Believe it or not, there're such arguments. German Idealism comes to mind, and no amount of lab research is strong enough to refute its reasoning. You need other tools. Without them, try as best as you can to wave a Nature article in front of Kant to see what happens! The most ironic of all this? Kant is the father of present-day scientific methodology. Popper's falseabilism is little more than applied kantism...
You surely never heard about, much less read, Saint Augustine and/or Saint Thomas Aquinas, nor the whole bunch of religious sages in between both. Or, to take an Eastern approach, the work of people like Nagarjuna or Shankaracarya. Otherwise you'd know that religions (actual ones, not this thing Americans usually take as such) follow the first pattern, not the second.
Example: do you know how you write a summa? (Summa is the name of the scientific literary genre developed in the Middle Age.) This is how:
1) Define the subject you'll be talking about, and put it the the form of a question;
2) Collect all (and I mean ALL) that has been said on that subject, and list them, one by one;
3) After writing down the list, add your own solution to the problem;
4) Answer each one of the items your list in step 3, proving your solution is better that each one of those.
Example:
Question: Is X a kind of Y?
First section: What has already been said.
A and B say yes, because of this and this and this.
C and D say no, because of this and that and such.

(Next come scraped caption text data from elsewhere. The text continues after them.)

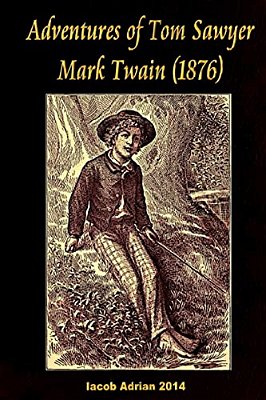 Adventures Of Tom Sawyer Mark Twain (1876)-..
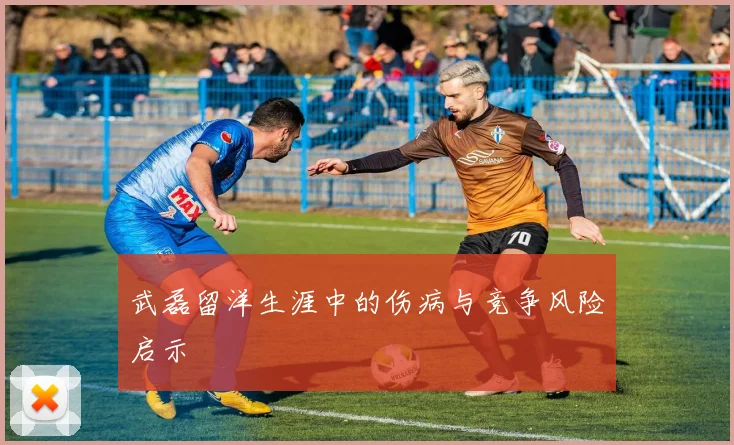 武磊留洋生涯中的伤病与竞争风险启示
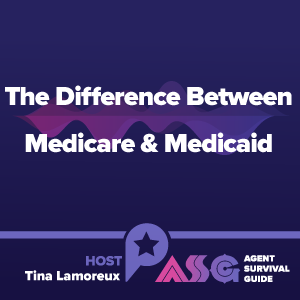 The Difference Between Medicare & Medicaid: What That Means for Insurance Agents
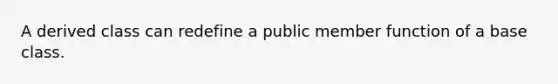 A derived class can redefine a public member function of a base class.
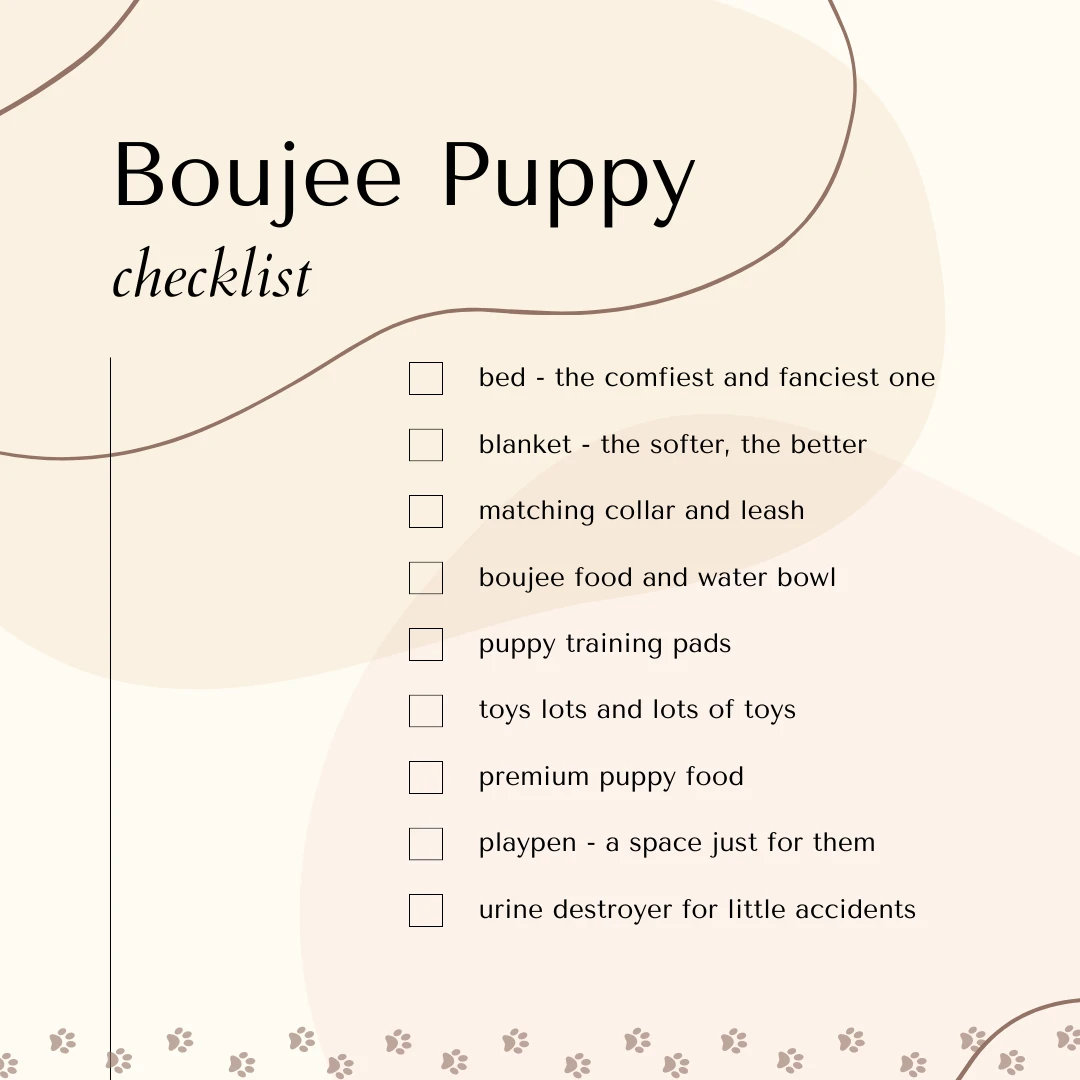 Boujee Puppy Checklist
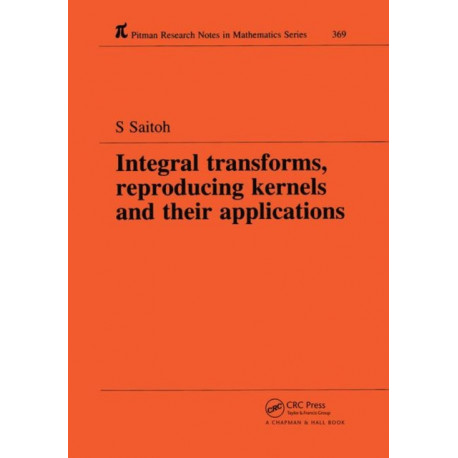 Integral Transforms, Reproducing Kernels and Their Applications
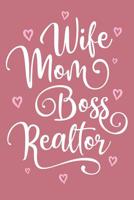 Wife Mom Boss Realtor: Women Realtor Lined Journal Journal Notebook 107667562X Book Cover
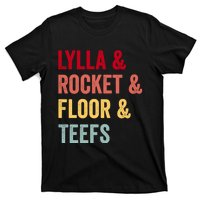 Lylla & Rocket & Floor & Teefs T-Shirt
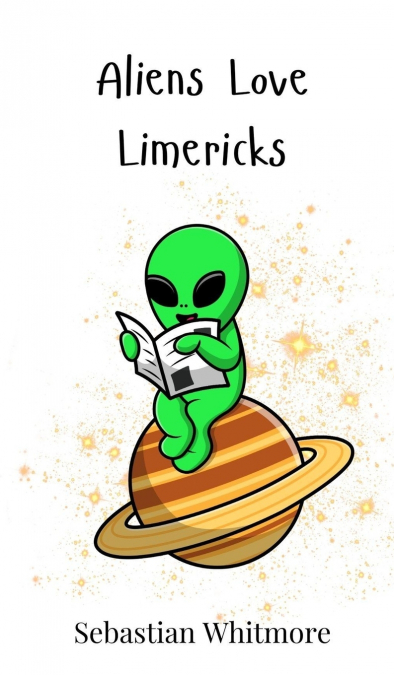 Aliens Love Limericks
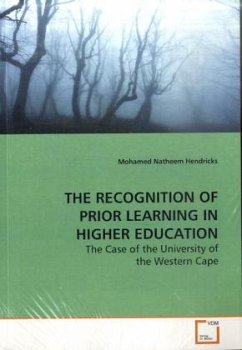 THE RECOGNITION OF PRIOR LEARNING IN HIGHER EDUCATION - Hendricks, Mohamed Natheem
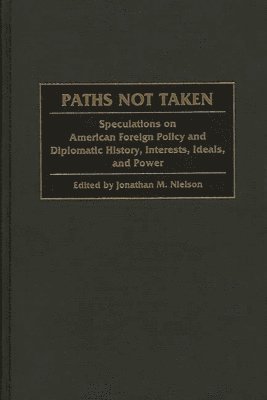 bokomslag Paths Not Taken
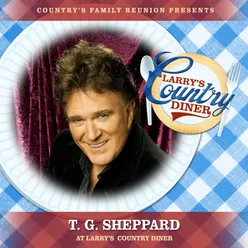 T. G. Sheppard at Larry's Country Diner Live / Vol. 1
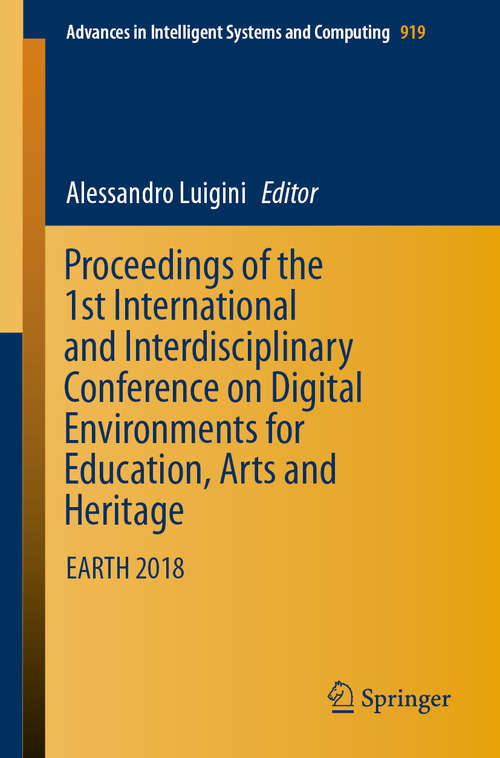 Book cover of Proceedings of the 1st International and Interdisciplinary Conference on Digital Environments for Education, Arts and Heritage: EARTH 2018 (1st ed. 2019) (Advances in Intelligent Systems and Computing #919)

E says the question is imprecise, because of that and that.
F and G say...
Second section: The author's opinion.
In contrast, I answer that... And, based on this, I reply to A, B, C, D, E, F and G thus:
Third section: Replies to previous thinkers.
A and B are correct in saying yes, but not for the reason they used. Actually...
C and D are partially correct in the reasoning they used to say no, but...
In regards to E saying that the question is imprecise, I've elaborated this as an independent question, see page 'n'.
F and G's reasoning forgets that X...
By the way, I know of no atheist willing to do such a thing when attacking religion. It's easier, it seems, to act based on prejudices than to seek good information and answer it point by point. When will we see a "Summa Against God"? Never, I bet.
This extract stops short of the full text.